▶ PROBLEM
Give again, unchanged, the line that contains "this 626×417 image." together with every line that follows it until the entries end.

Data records
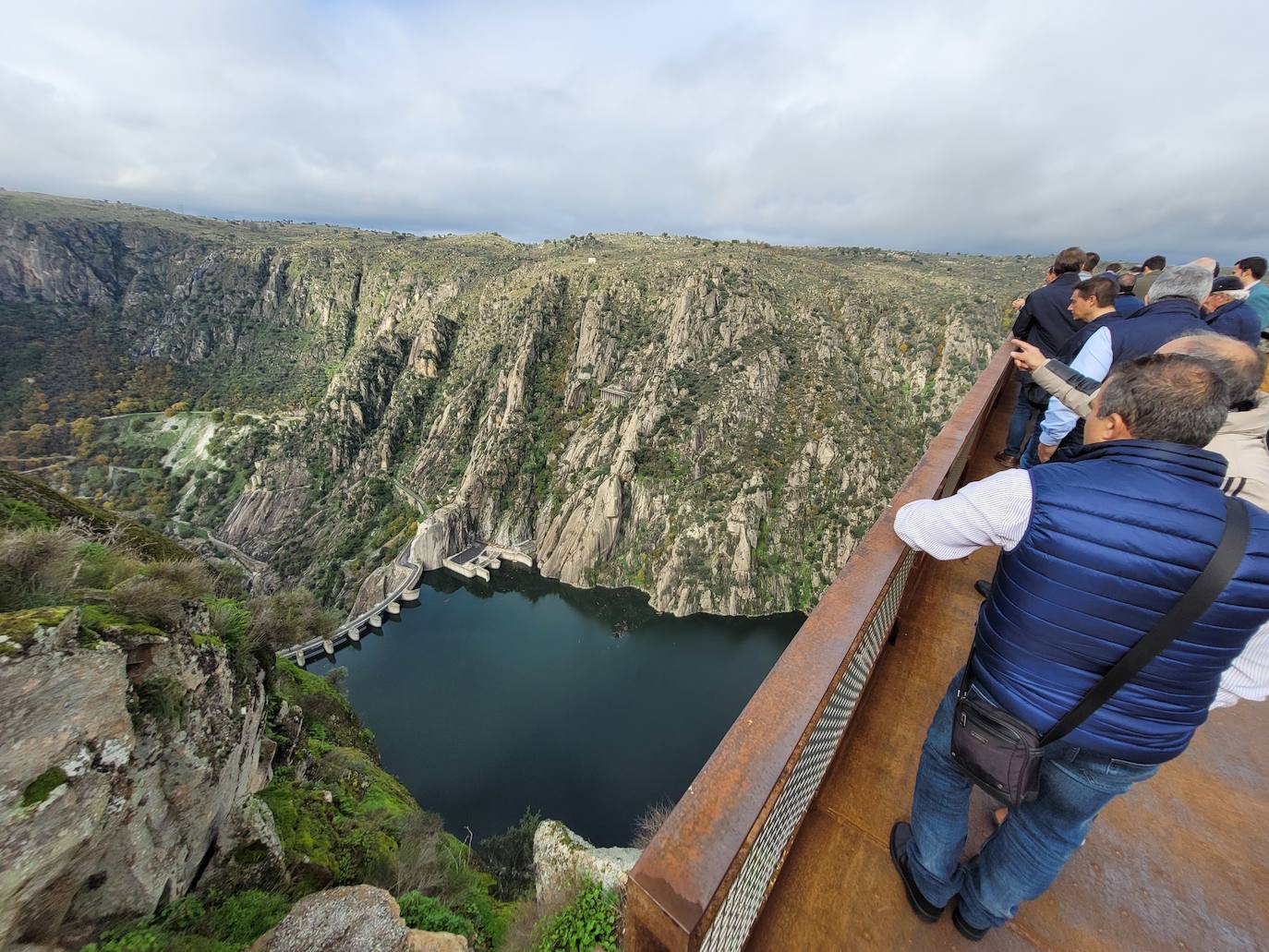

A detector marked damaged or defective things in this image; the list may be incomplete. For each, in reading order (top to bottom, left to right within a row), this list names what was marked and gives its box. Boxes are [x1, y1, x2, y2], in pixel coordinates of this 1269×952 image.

rusted steel railing [622, 347, 1009, 949]
rusted metal panel [624, 347, 1009, 949]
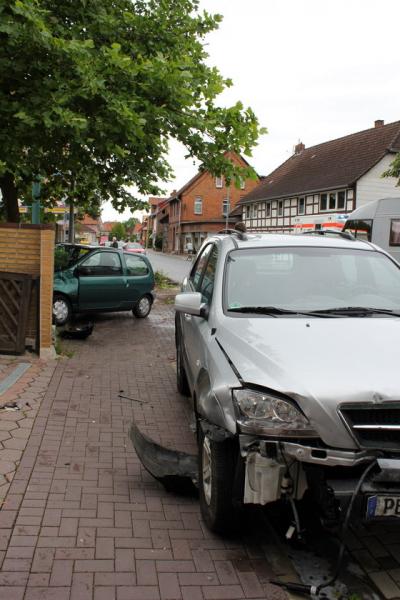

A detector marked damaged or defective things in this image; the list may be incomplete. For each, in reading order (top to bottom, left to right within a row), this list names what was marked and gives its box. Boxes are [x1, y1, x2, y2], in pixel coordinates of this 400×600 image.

crashed green hatchback [52, 244, 155, 326]
damaged silver suv [175, 231, 400, 536]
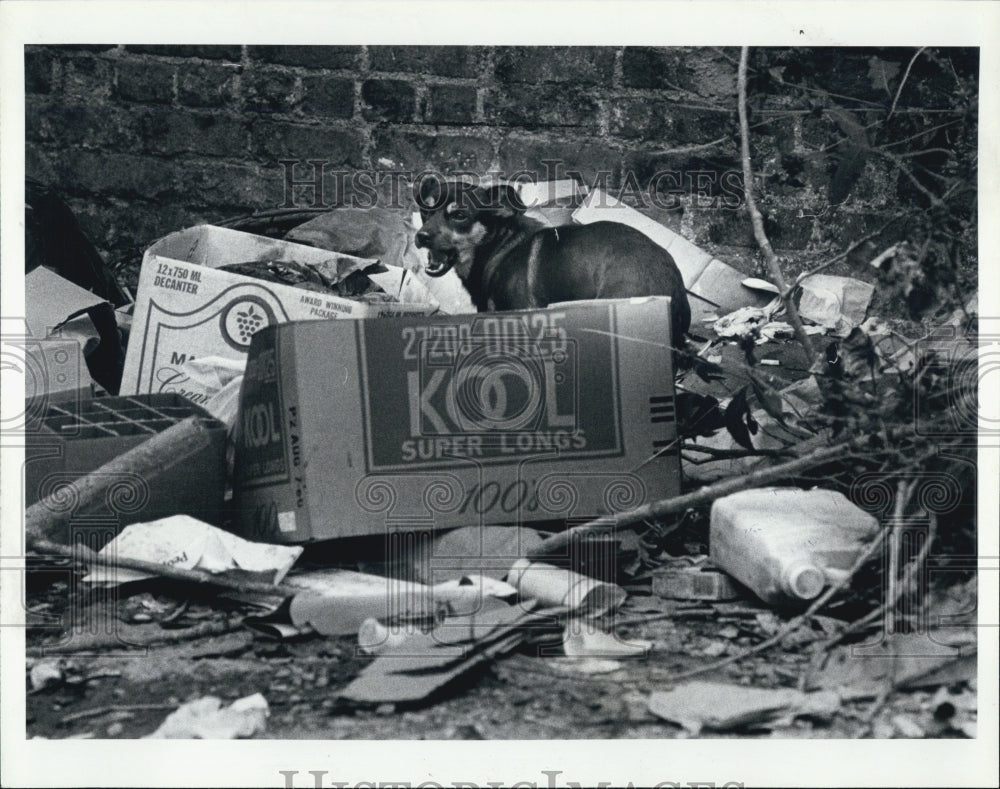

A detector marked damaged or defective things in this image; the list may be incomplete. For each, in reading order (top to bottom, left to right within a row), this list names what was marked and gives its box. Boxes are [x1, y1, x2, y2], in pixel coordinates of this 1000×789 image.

torn cardboard scrap [82, 516, 302, 584]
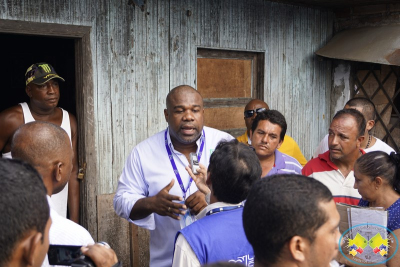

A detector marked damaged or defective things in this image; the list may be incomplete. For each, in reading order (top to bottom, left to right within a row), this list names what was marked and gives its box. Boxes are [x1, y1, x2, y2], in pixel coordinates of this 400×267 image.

rusty metal sheet [318, 25, 400, 66]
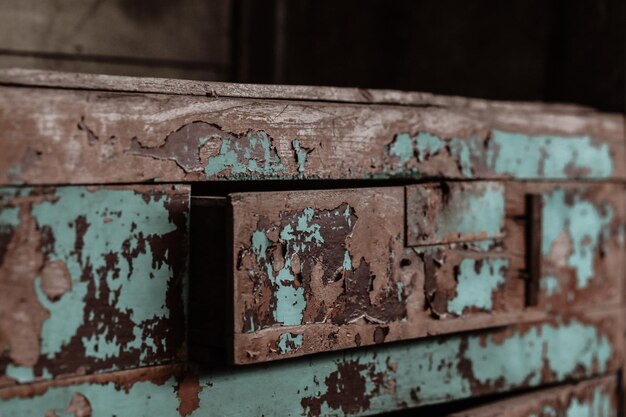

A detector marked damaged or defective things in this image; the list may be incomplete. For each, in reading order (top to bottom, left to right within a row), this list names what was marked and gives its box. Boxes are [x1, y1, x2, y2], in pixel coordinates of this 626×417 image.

peeling teal paint [204, 129, 284, 176]
rusty metal surface [2, 85, 620, 184]
peeling teal paint [380, 128, 608, 177]
chipped paint [382, 128, 612, 177]
chipped paint [0, 185, 188, 384]
rusty metal surface [0, 185, 189, 386]
chipped paint [404, 180, 502, 245]
rusty metal surface [404, 180, 502, 245]
peeling teal paint [446, 256, 504, 316]
chipped paint [444, 258, 508, 314]
chipped paint [540, 187, 612, 288]
peeling teal paint [540, 188, 612, 288]
peeling teal paint [276, 332, 304, 352]
peeling teal paint [2, 316, 612, 414]
rusty metal surface [0, 310, 616, 416]
chipped paint [1, 316, 616, 416]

▶ EXPECTED ANSWER
A detector marked damaged or defective things in this image; the list may be incomplete. For each, in reading order (top to bottom, left to right within a row), this list names what was marked and gives its box. Boxes are [x1, y1, x2, y2], in pixel coordinates of this 626×417 image.

peeling teal paint [204, 129, 284, 176]
rusty metal surface [2, 85, 620, 184]
peeling teal paint [380, 128, 608, 177]
chipped paint [382, 128, 612, 177]
chipped paint [0, 185, 188, 384]
rusty metal surface [0, 185, 189, 386]
chipped paint [404, 180, 502, 245]
rusty metal surface [404, 180, 502, 245]
peeling teal paint [446, 256, 504, 316]
chipped paint [444, 258, 508, 314]
chipped paint [540, 187, 612, 288]
peeling teal paint [540, 188, 612, 288]
peeling teal paint [276, 332, 304, 352]
peeling teal paint [2, 316, 612, 414]
rusty metal surface [0, 310, 616, 416]
chipped paint [1, 316, 616, 416]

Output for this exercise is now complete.